Mach dich doch mal schlau, z.B. bei Thias und seinem sehr gut beschriebenen Schwimmteichprojekt oder auch bei StefanS, dagegen bin ich nur ein kleiner Abenteurer.

Nebenbei: deine Anlage wird mal richtig gut und die Steinstufentreppe mit den Pflastersteinen   

Viel Spaß weiterhin im Forum und stöber, stöber, stöber, bevor die Alge in den Brunnen gefallen ist

beste Grüße Carin (i.A. von fleur, der Algenschreck)


----------



## Dodi (11. Okt. 2007)

*AW: noch 'n Schwimmteich*

Hallo Rüdiger!

Sorry, dass Dich noch keiner der Mod's offiziell begrüßt hat. 

Aber nu: HERZLICH WILLKOMMEN hier bei uns im Hobby-Gartenteich-Forum - schön, dass Du zu uns gefunden hast. 

Das ist ja ein riesiges Projekt! Respekt! 

Ich denke mal, der Pflanzenbereich sollte etwa max. 30 cm Tiefe besitzen. In dieser Tiefe wachsen viele Sumpfpflanzen.
Nimm die sog. Starkzehrer-Pflanzen (z.
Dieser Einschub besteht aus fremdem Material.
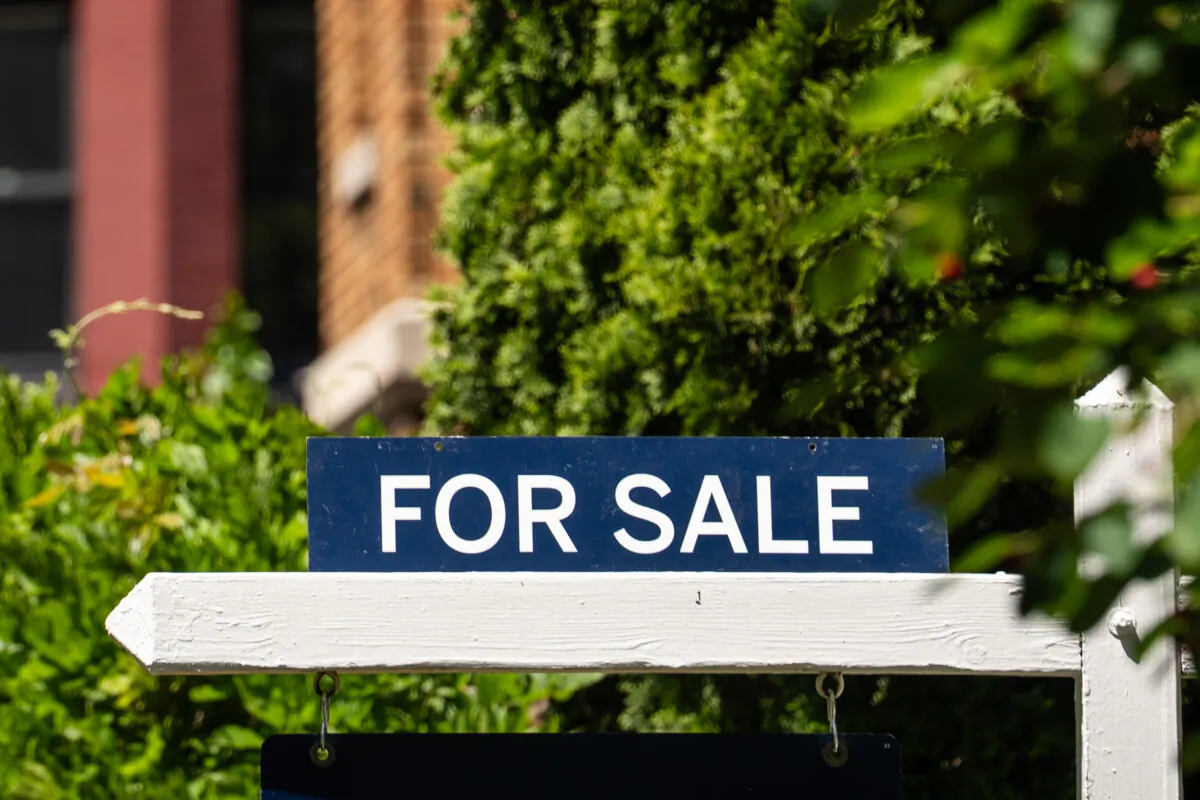 A sign in front of a property for sale in Washington on May 19, 2025. (Madalina Vasiliu/The Epoch Times)
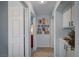 Hallway with doors, decor, and built in cabinets with decorative displays at 8525 Festival Dr, Las Vegas, NV 89134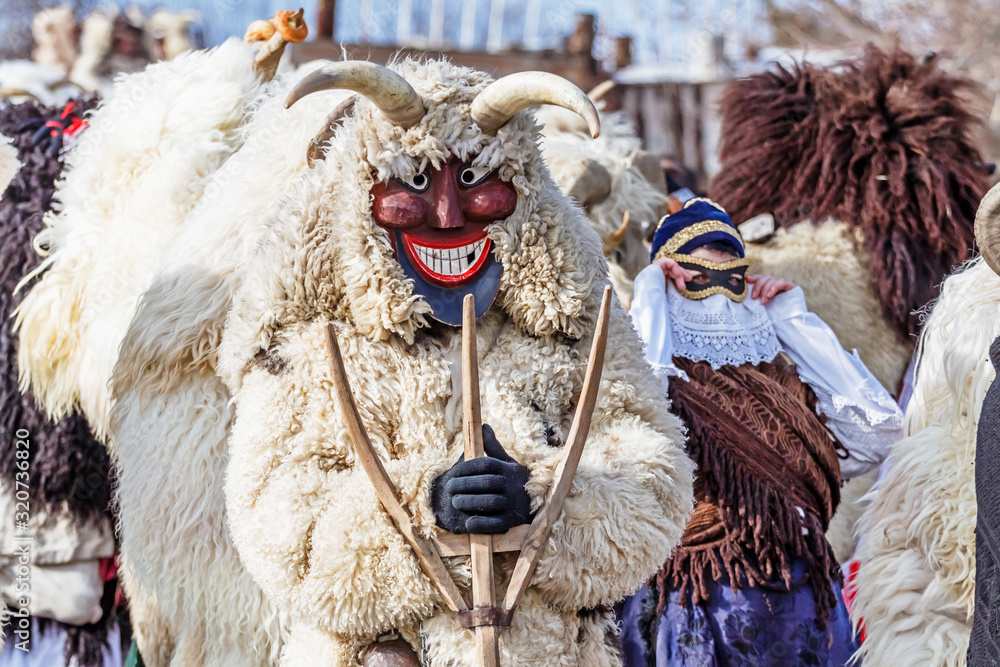 Unidentified people in masks; participants at the Mohacsi Busojaras, it is a carnival for spring greetings (Intangible Cultural Heritage of Humanity of the UNESCO).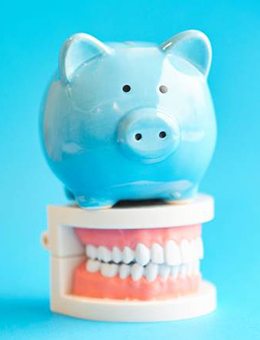 Piggy bank on model teeth representing the price of Invisalign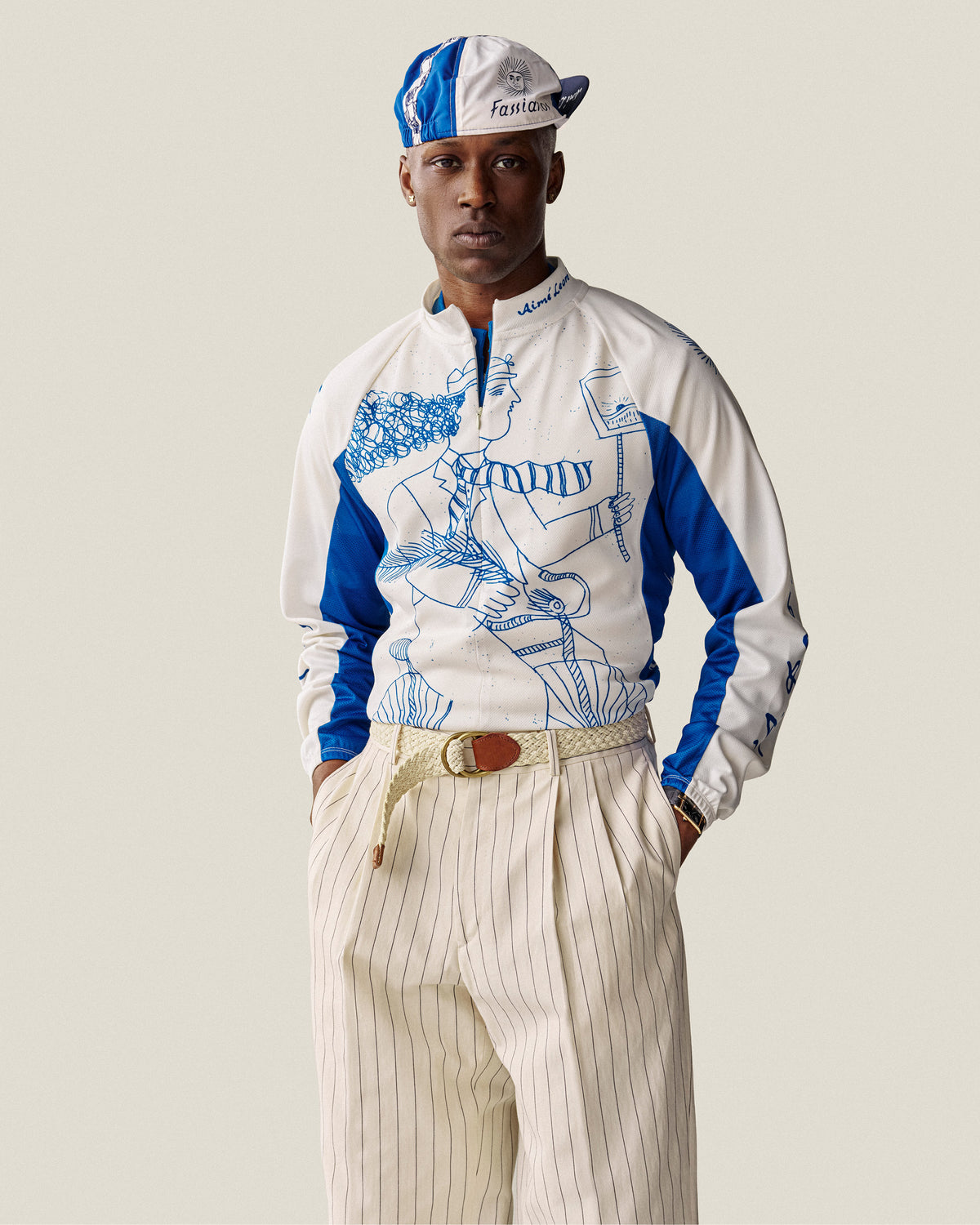 Man wearing a Fassianos Cycling Cap, graphic zip-up top, and beige pinstripe pants with hands in pockets.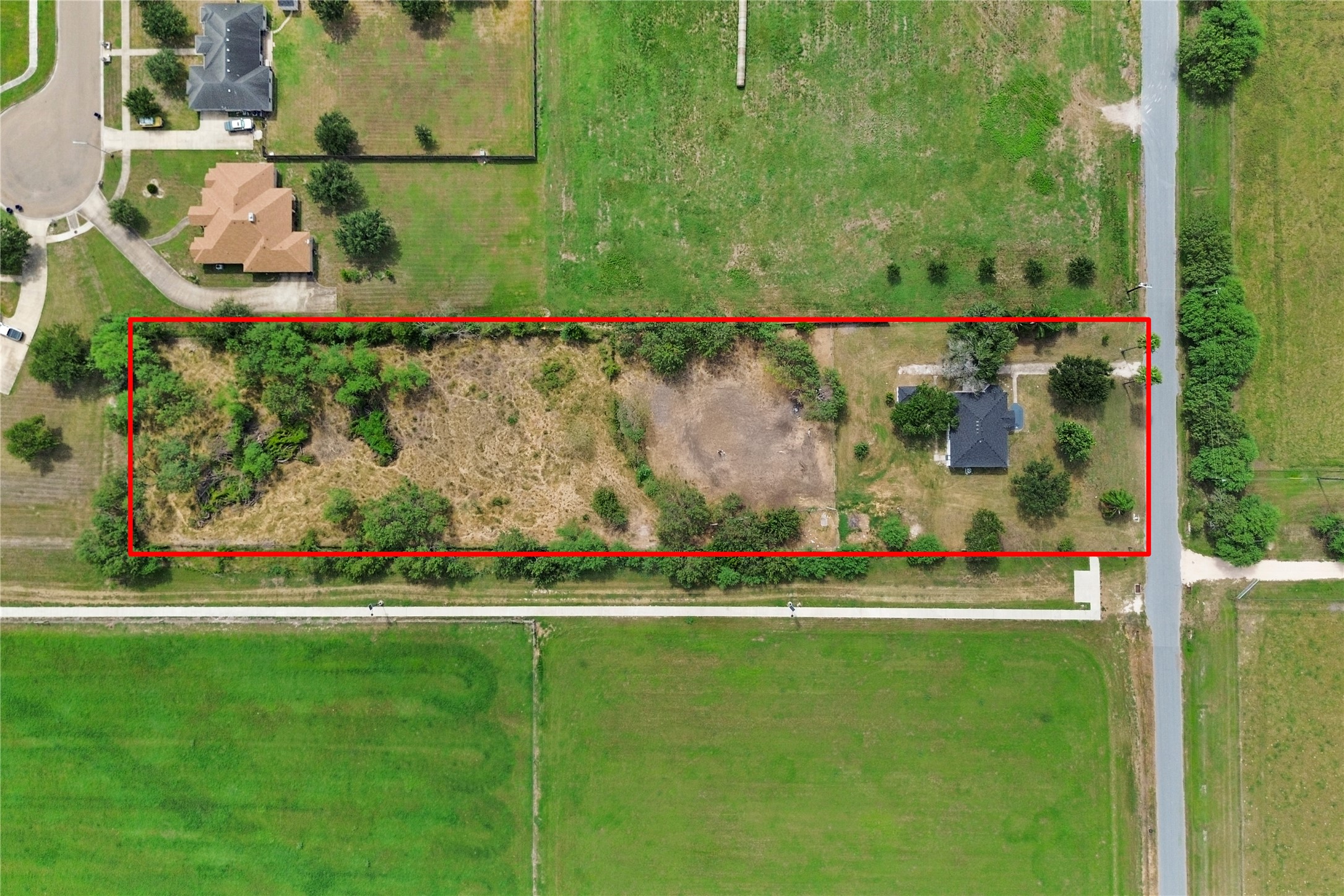 16752 Rio Rancho Road Harlingen, TX 78552 - Photo 21 of 25 front view of a house with a yard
B. __ Iris, __ Kalmus) für den Regenerationsbereich und schau doch mal in unsere umfangreiche Datenbank, da wirst Du einiges finden - auch bezügl. der Wassertiefe, die die jeweilige Pflanze benötigt.

Unser Schwimmteich-Experte Günter wird sich sicherlich noch melden - er ist jetzt aus dem Urlaub zurück.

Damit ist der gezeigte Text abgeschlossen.